In the last several weeks, Absinthe, Nick’s cat, had developed some very peculiar habits. John was fond of channeling Freud, “Zis cat has issues.” Among them was one that was particularly horrible. Every morning it took to following the first member of the household who was awake and, like “screaming.” There’s no other way to describe it. Most cats meow at their owners, a kind gesture welcoming a new day, just a pleasant natural sound—like birds chirping or dogs barking. This was simply not what Absynthe did. This furry, black reincarnation of a bad horror film actress would literally sit at the feet of its caretakers and for five to six seconds at a time release a surreal vocal noise at a most god awful pitch. Feeding it did no good. Petting him, holding him, telling him that you would buy all the cat toys in the world if he would just shut up, did no good at all. It was a ritual for the “screamewling fuzzfart” as he had also come to be known. For ten minutes, first thing in the morning, he screamed. Then, as if nothing had happened at all, the cat would cease its cacophony and curl up on the couch to sleep for an hour or two.

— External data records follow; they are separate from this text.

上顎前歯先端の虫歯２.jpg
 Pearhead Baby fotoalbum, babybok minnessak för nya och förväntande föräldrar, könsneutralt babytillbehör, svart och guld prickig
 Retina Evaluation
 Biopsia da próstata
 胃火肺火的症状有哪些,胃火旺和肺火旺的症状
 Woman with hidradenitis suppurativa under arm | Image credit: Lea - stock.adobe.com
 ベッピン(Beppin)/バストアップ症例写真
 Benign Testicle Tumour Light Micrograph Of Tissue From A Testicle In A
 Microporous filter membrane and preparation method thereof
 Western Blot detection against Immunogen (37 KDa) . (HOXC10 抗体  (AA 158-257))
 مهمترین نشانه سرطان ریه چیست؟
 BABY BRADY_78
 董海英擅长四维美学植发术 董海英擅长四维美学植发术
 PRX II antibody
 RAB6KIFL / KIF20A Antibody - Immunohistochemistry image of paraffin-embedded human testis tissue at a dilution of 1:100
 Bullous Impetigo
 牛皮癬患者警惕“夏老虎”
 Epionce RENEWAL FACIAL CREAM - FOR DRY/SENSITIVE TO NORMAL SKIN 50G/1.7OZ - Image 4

For a while the boys had assumed that something was wrong with the thing. Nick took it to the veterinary school on campus a couple of times to consult the students there. He only ever received a patient reply that the cat was healthy, and was probably “just vocal.” No matter how many times he pedantically no-you-just-don’t-understand explained that “vocal” simply wasn’t the word for it, he got no sympathy. No one could believe that such a small creature could cause such a din until they were witness to it. Instead, he simply decided that the kitten represented some sort of karmic retribution for some forgotten sin he’d committed (or a remembered one for that matter), and the roommates had no other choice but to peacefully live with the clearly insane animal as best they could, hoping the epileptic throat fits were just a phase.